The dispute centers around whether or not Earl of Sandwich (“Earl”) sold its $3.6 million claim against Caesars to Whitebox Advisors, LLC (“Whitebox”). Pursuant to the Federal Rules of Bankruptcy Procedure, the hearing to determine the true holder of the claim included a discovery process which incorporates Federal Rules of Civil Procedure 26, 30, 34, and 37. Both parties filed motions objecting to document requests.
The court took a hard line against “rote or boilerplate” objections to document requests and found that where Whitebox simply stated that requests were “overbroad” or “unduly burdensome” without specificity or reasons given, the objections were insufficient and resulted in waivers. Id. at 6-7.
Similarly, the court found that objections must be raised by a party in its Response to a Request for Production of Documents, not in discussions with the opposing party or other pleadings.
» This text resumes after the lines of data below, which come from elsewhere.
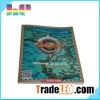 Perfect Binding Softcover Book/ Company Catalog Printing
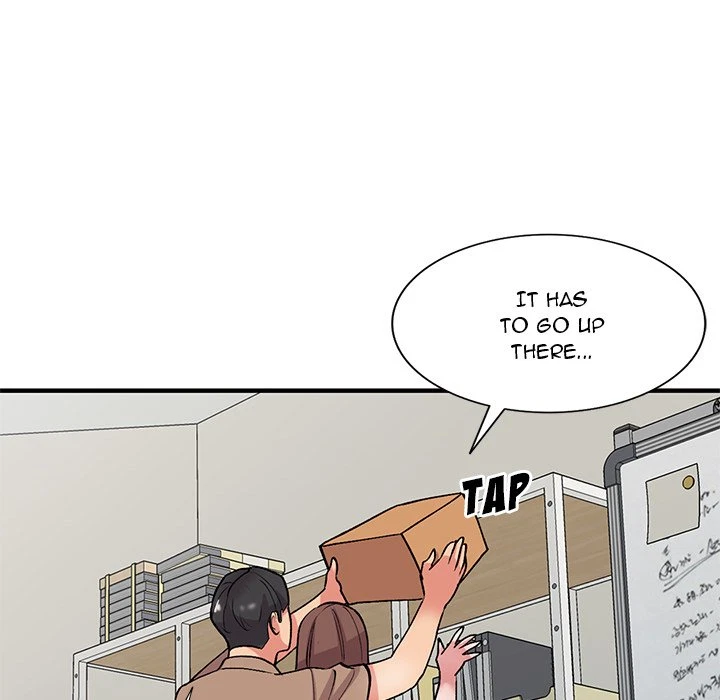 Chapter 46, page 82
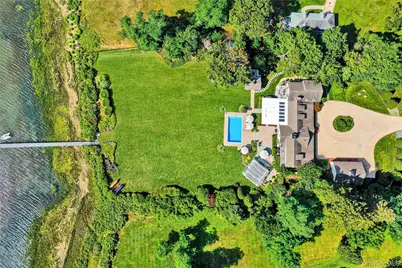 111 Old Field Road, Setauket, NY 11733 - Photo 39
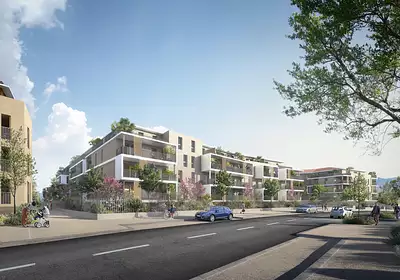 PROCHAINEMENT TRETS BRS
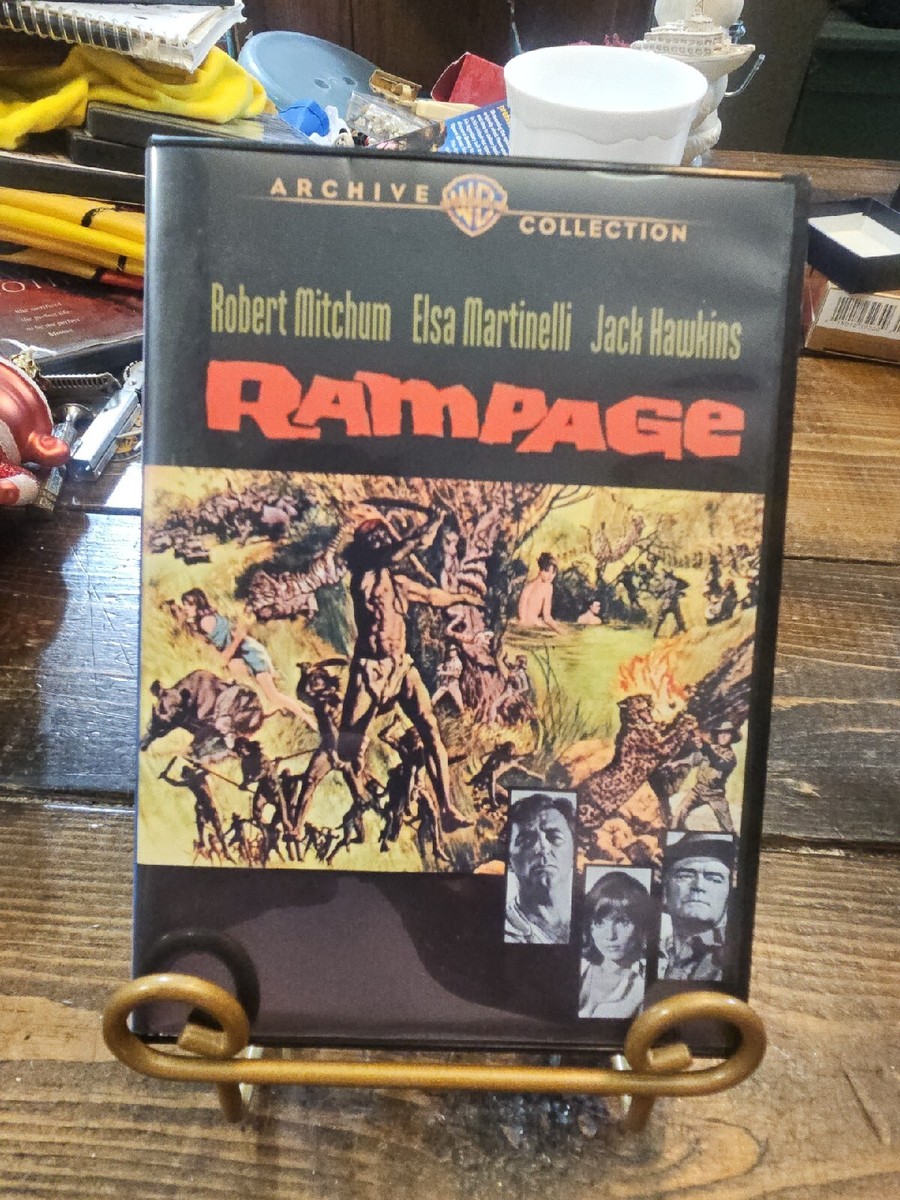 THE RAMPAGE *p(R)ojecT® DVD Amazon.co.jp: 【Amazon.co.jp限定】THE RAMPAGE LIMITED LIVE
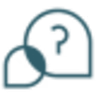 go.contentsquare.com hubfs logo-discussion.png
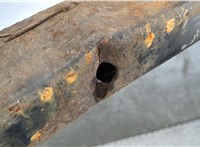  Усилитель бампера Toyota RAV 4 2000-2005 20408153 #4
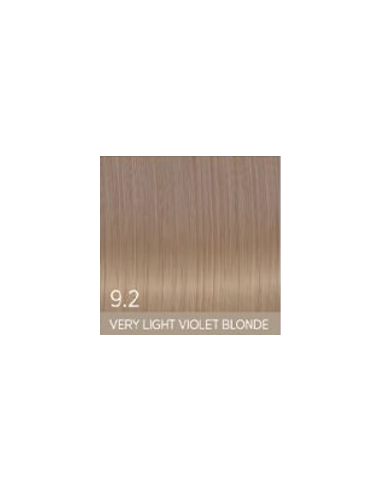 ASP REN TONE 9.2 100ml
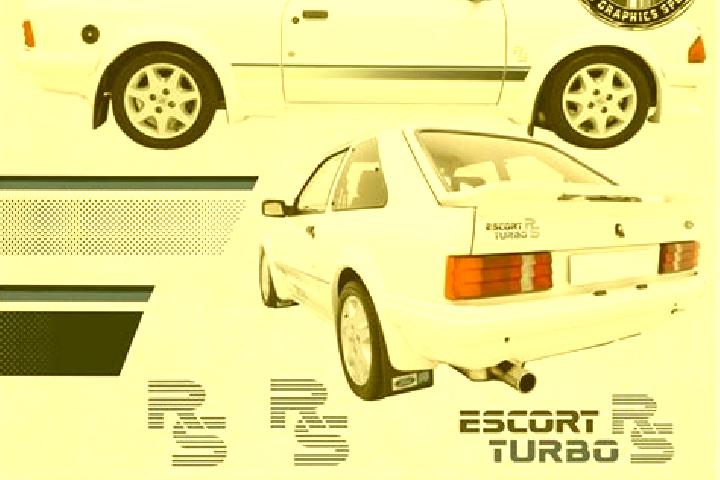 escort Salavatli
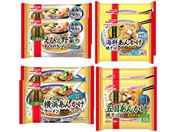 �}���n�j�`�� ���񂩂��D���K��!���񂩂����[�����~���񂩂��Ă����� 4��Z�b�g(�e2��)(���l�E���тƖ�؁E�C�N�E�ܖ�)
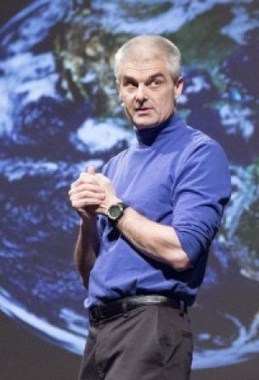 The Flipped Learning Global Initiative | Active learning Approaches | Scoop.it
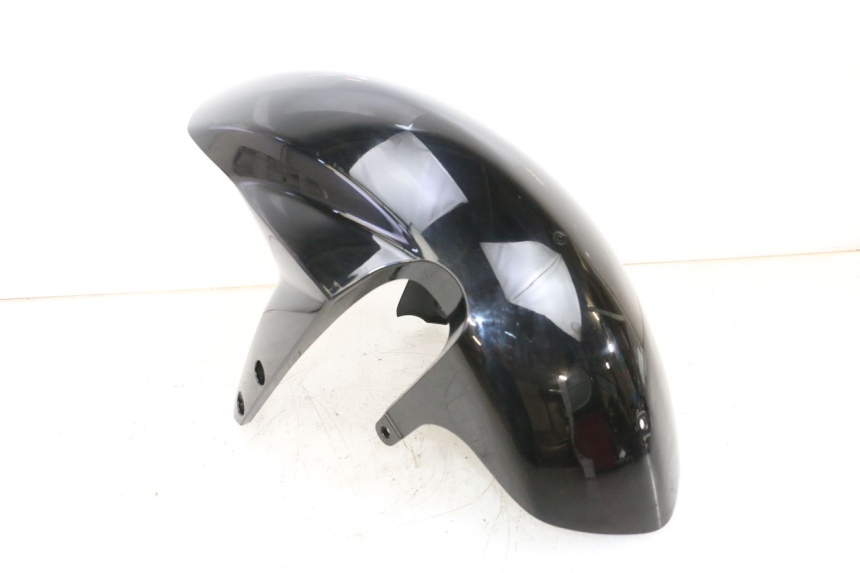 photo de GARDE BOUE AVANT SUZUKI GSXR GSX-R 1000 (2003 - 2004) - État de surface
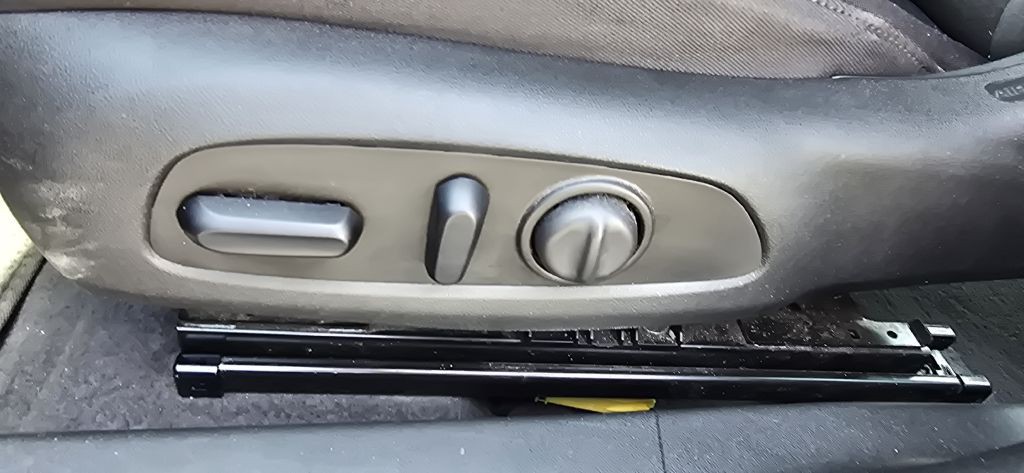 2019 Buick Enclave Image 17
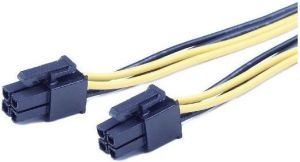 Zasilacz Gembird INTEL 2.2 500W PFC (CCC-PSU6X-12-B) 5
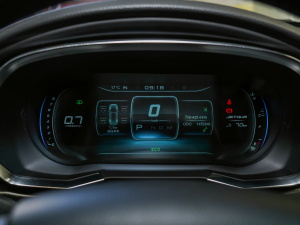 20221.6TD DCT 5 п؅^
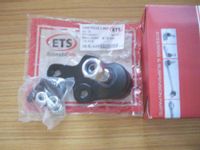 SWORZEŃ WAHACZA FORD MONDEO IV /VOLVO S60 II /V60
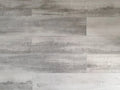 Bellator Arctic Fog 9x60 EIR Painted V-Groove 20mil SPC Vinyl Flooring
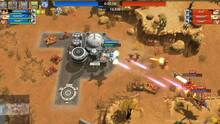 Imagen 3 de AirMech
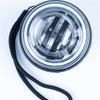 Wrist Force Ball/ball Box Alloy Steel Massage Fitness Beauty and Grip Strength Bball Can Relieve Fatigue Throughout the Body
Whitebox failed to properly assert its objections on the grounds of relevance, raising them for the first time in its Response to Earl’s Motion to Compel and asserting they were discussed in conference. As such, the court deemed these objections waived as well. The Court also found that failure to serve a privilege log amounts to “non-assertion of the privilege” and constitutes yet another waiver. Id. at 9-10.
Will Soper is a Summer Associate in Fox Rothschild’s Denver, Colorado Office.